■ WORK ORDER
Print only the lines from the one with "Cat eat Bird" through the end of the data, exactly, and please omit pictures.

Items from a data source
Start of Block
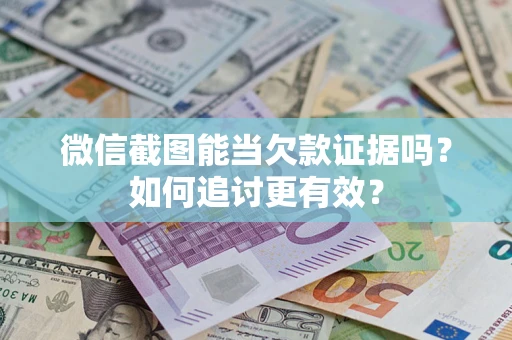 北京微信截图能当欠款证据吗？如何追讨更有效？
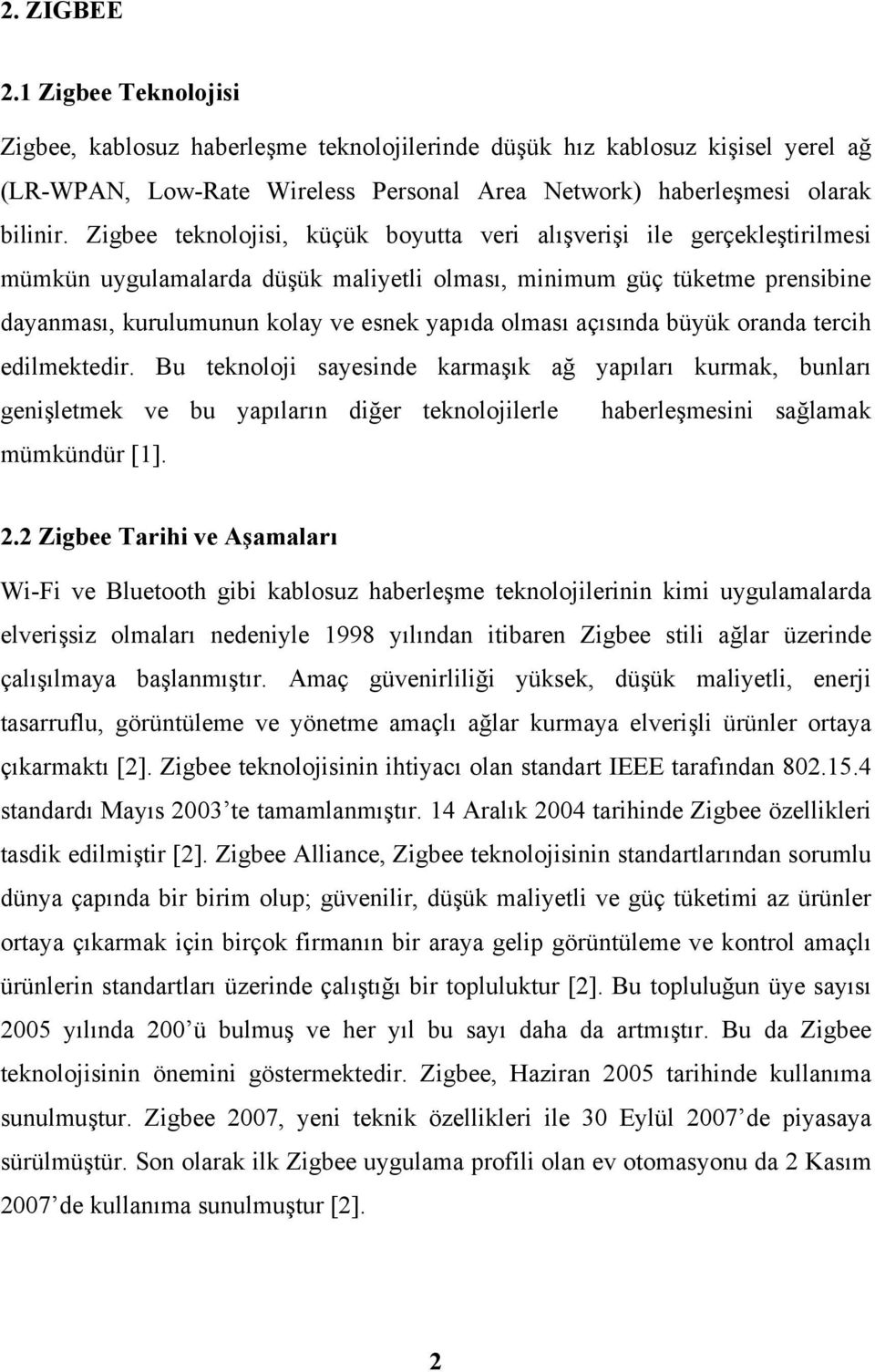 olması açısında büyük oranda tercih edilmektedir. Bu teknoloji sayesinde karmaşık ağ yapıları kurmak, bunları genişletmek ve bu yapıların diğer teknolojilerle haberleşmesini sağlamak mümkündür [1]. 2.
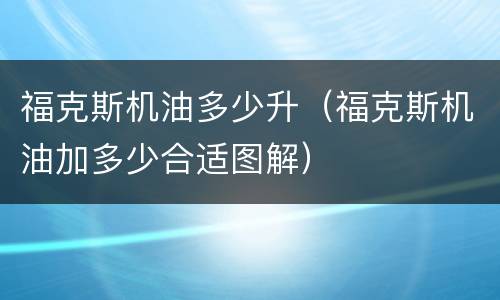 福克斯机油多少升（福克斯机油加多少合适图解）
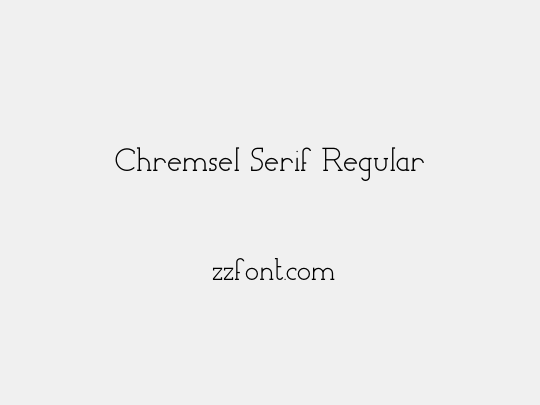 Chremsel Serif Regular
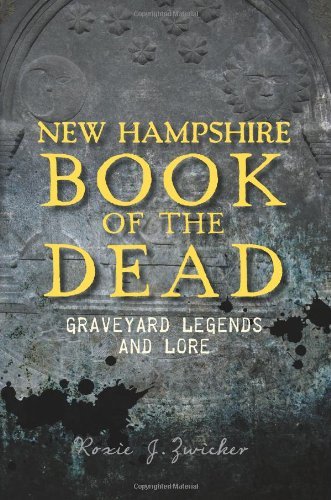 Roxie Zwicker New Hampshire Book Of The Dead Graveyard Legends And Lore 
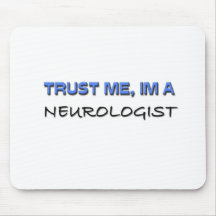Trust Me I'm a Neurologist Mouse Mat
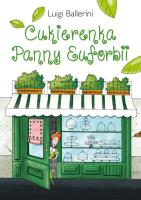 Cukierenka Panny Euforbii. Autor: Luigi Ballerini. SmakLiter.pl Okładka książki Cukierenka Panny Euforbii
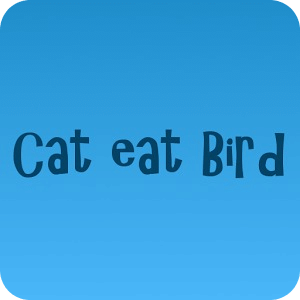 Cat eat Bird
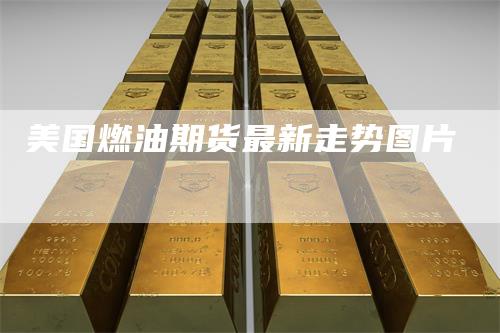 美国燃油期货最新走势图片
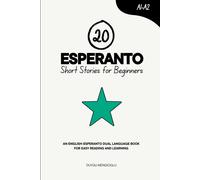 Duygu Mengioglu 20 Esperanto Short Stories for Beginners: An English (Tascabile)
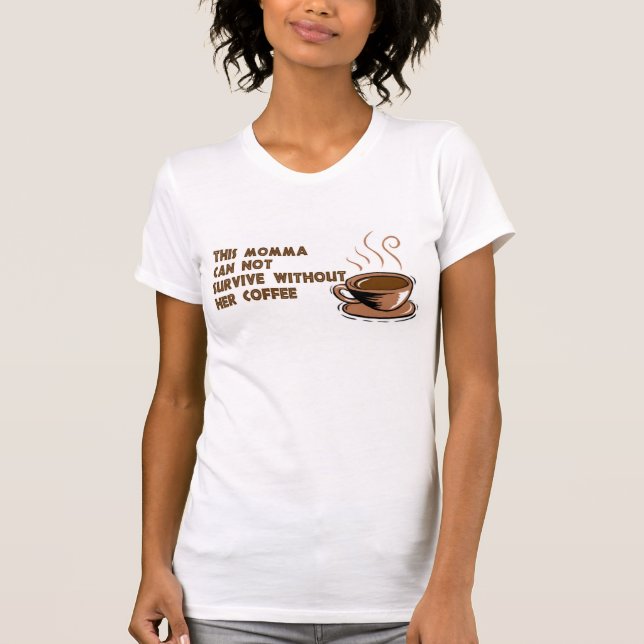 Momma needs coffee T-Shirt (Front)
End of Block
■ OUTPUT FOR THIS TASK
 Cat eat Bird
 美国燃油期货最新走势图片
 Duygu Mengioglu 20 Esperanto Short Stories for Beginners: An English (Tascabile)
 Momma needs coffee T-Shirt (Front)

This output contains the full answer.